No pictures should appear in the copy; otherwise retype the entries exactly.
[[ DATA EXTRACTS open ]]
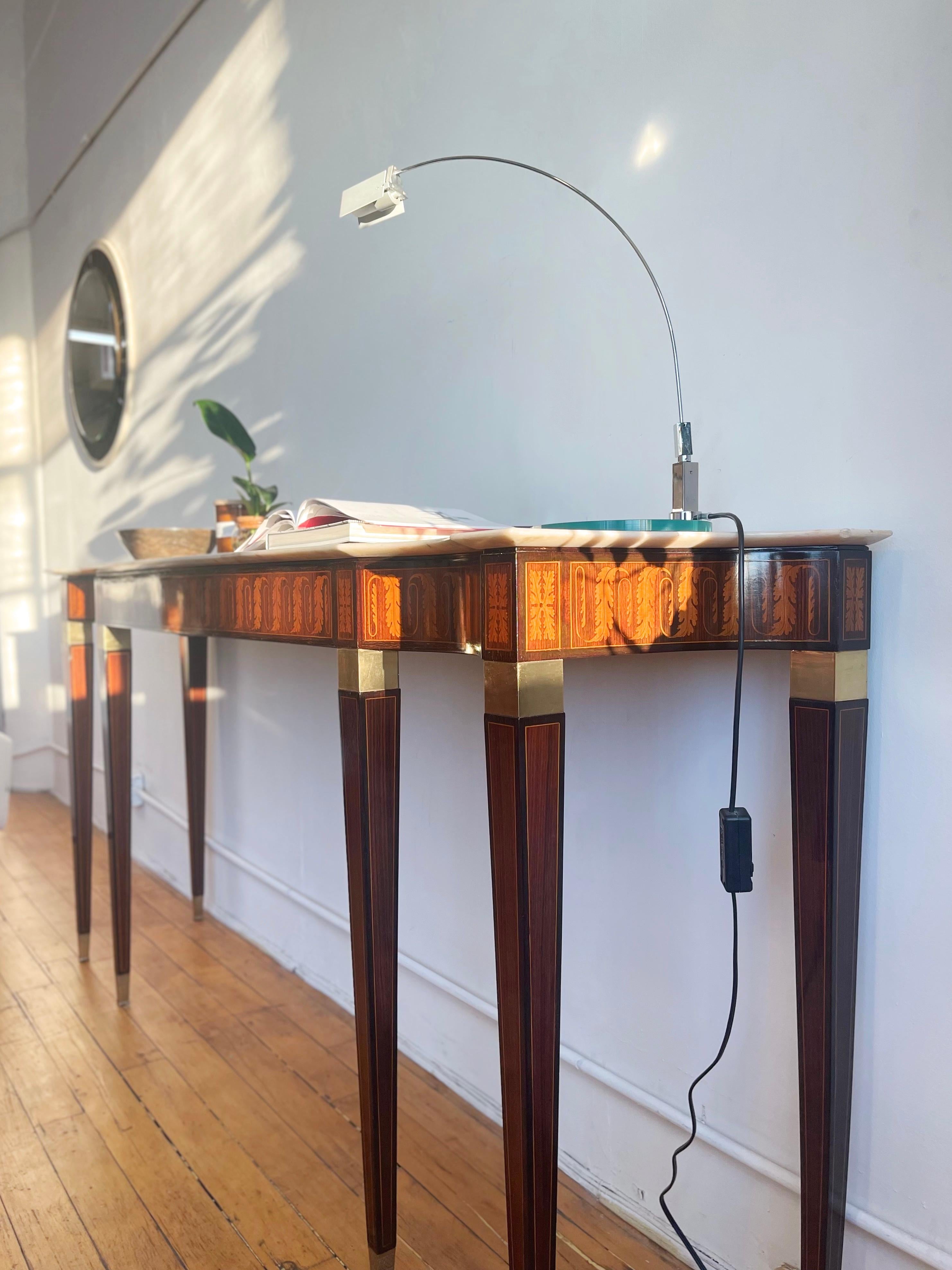 20th Century 1950 Paolo Buffa Italian Mid-Century Console Table, Wood Inlay and Marble Top For Sale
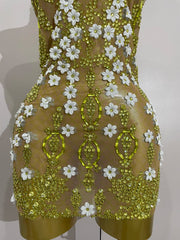 cLARICE sparkly rhinestones white flower see-through mini dress for women, sexy birthday party outfit, photoshoot gown, stage performance costume 2025
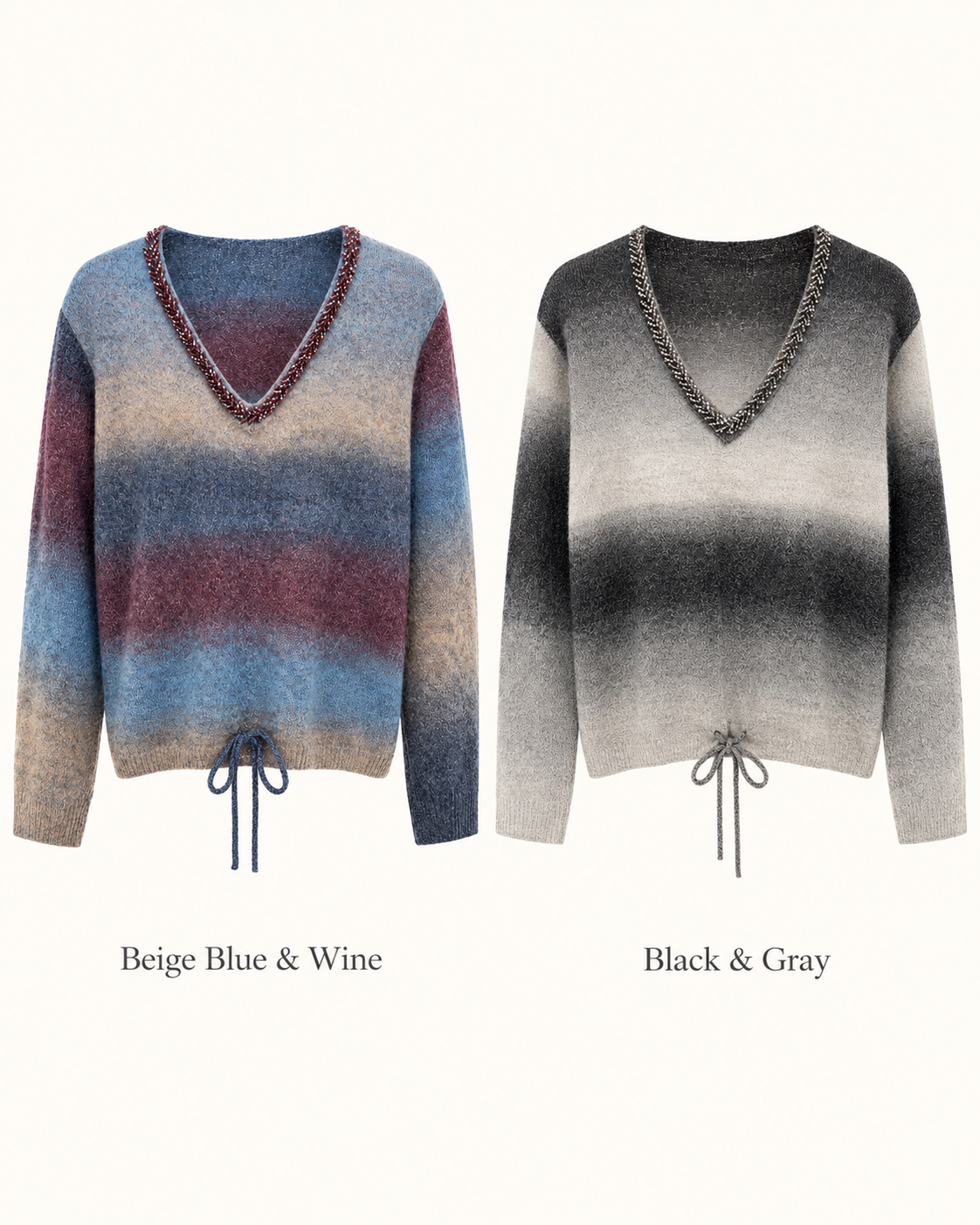 Gradient Drawstring Knit Pullover – colour comparison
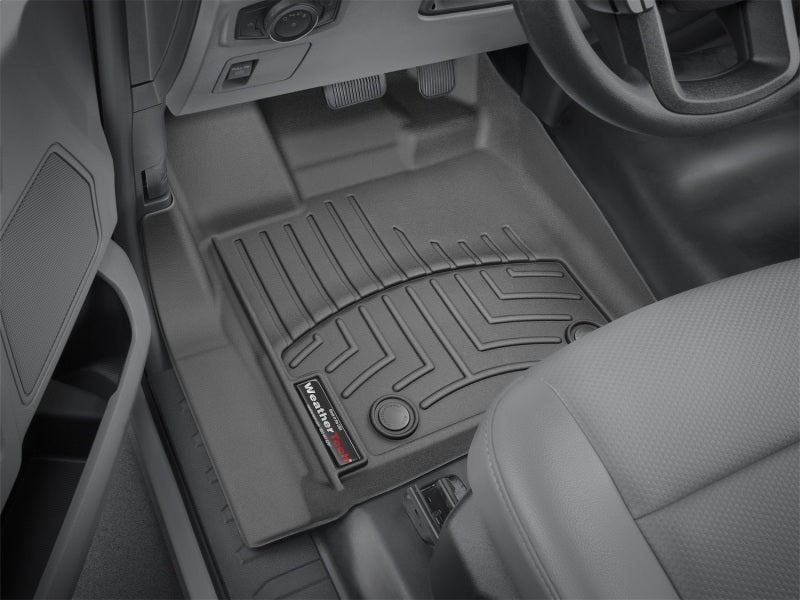 WeatherTech 2016+ Ford F-150 Regular Cab w/ Vinyl Floors Front FloorLiner - Black in truck interior
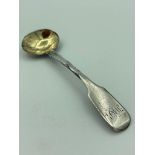 Antique George IV SILVER CONDIMENT/MUSTARD SPOON. Bowl has been gilded. Rare hallmark for William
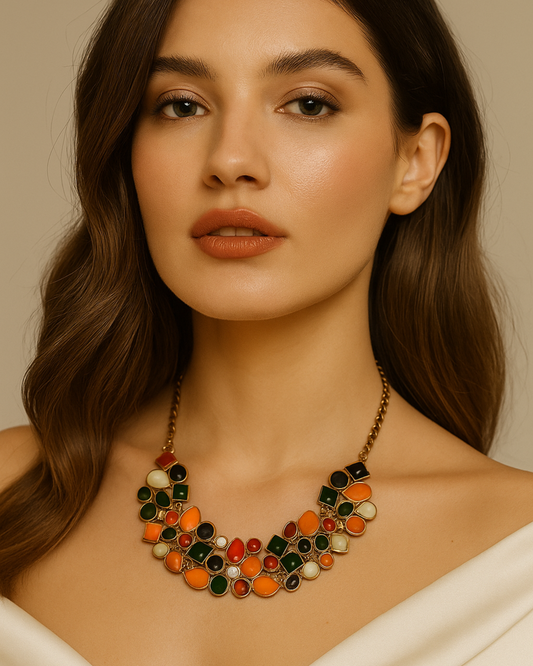 Multicolor Gemstone Statement Necklace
[[ DATA EXTRACTS closed ]]
• [RESPONSE TO THIS EXERCISE]
 20th Century 1950 Paolo Buffa Italian Mid-Century Console Table, Wood Inlay and Marble Top For Sale
 cLARICE sparkly rhinestones white flower see-through mini dress for women, sexy birthday party outfit, photoshoot gown, stage performance costume 2025
 Gradient Drawstring Knit Pullover – colour comparison
 WeatherTech 2016+ Ford F-150 Regular Cab w/ Vinyl Floors Front FloorLiner - Black in truck interior
 Antique George IV SILVER CONDIMENT/MUSTARD SPOON. Bowl has been gilded. Rare hallmark for William
 Multicolor Gemstone Statement Necklace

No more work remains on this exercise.